Sadly, on the right hand side of the station many of the older ancillary railway buildings are being 'restored', which for people unfamiliar with China, means tearing them down and rebuilding them in a similar style, but nothing like what they used to be. Modern building materials for roofs such as sheet aluminium are used, together with LED lighting, aluminium windows frames, etc. By following the alley way at the right of the station, I found a large level crossing with tracks leading towards the old rail ferry loading point. Many of the tracks in the area are still used, chiefly for containers which are loaded onto barges to serve industry up and down the huge river.

Shunting work is done by either a DF7C or an ND5 diesel. As my luck would have it, I had the ND5 on this day, one of the later phase 2 machines in dark green. It made a number of passes through the level crossing in a short period of time splitting a long train of container flat cars and JSQ6 automobile carrier cars into the various sidings.

This crossing must be very frustrating for the few motorists and hundreds (literally) of motorbikes as the train slowly pushes a long rake of wagons through. A bridge has been fairly recently built for pedestrian traffic at the same level crossing and this gives a very good view into the mouth of the yard, although it is fitted with very tall and annoying green mesh fences (a telephoto lens works fairly well through this however).
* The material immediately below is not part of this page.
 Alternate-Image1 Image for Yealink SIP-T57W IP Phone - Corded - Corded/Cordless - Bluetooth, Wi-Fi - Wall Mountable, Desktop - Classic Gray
In the freight tracks to the west of the level crossing is a superb 1960's era concrete crane structure which was used to load a variety of cargo into wagons onto trucks. It still retains all of its original signage and features, although it has clearly not been used for many years and is now used as a car park. A number of sidings on the south side of the station are still used also, but I left these unexplored.

After getting up close and personal with the ND5 while it made a number of shunts, I continued north towards the Yangtze river bridge. This required walking through some very old style villages through very narrow streets. Eventually I came across some more old tracks after entering an industrial yard on the bank of the river and I could quickly make out the remains of the old railway ferry loader.

I tried to find a way onto the old structure without entering another active industrial yard, but soon came to the conclusion that there was no other way. I quickly found a small track leading onto the deck which is used by some farmers to access their micro fields. I noticed a few signs which I presumed were to keep off it, but later found these were a warning about leeches!

This 200 meter long structure is made up of four steel truss sections. These spans were actually built in Middlesbourgh, England in 1933 and then disassembled and shipped to China. The deck is made from some very solid timber beams, still in surprisingly very good condition. At the far end is the old control block, however my access here was thwarted by a very grumpy (and untethered) German Shepherd! Like most other things here, everything is still in the condition it was when abandoned, including the old communications tower with the very old style radio transmitters and antenna still in place.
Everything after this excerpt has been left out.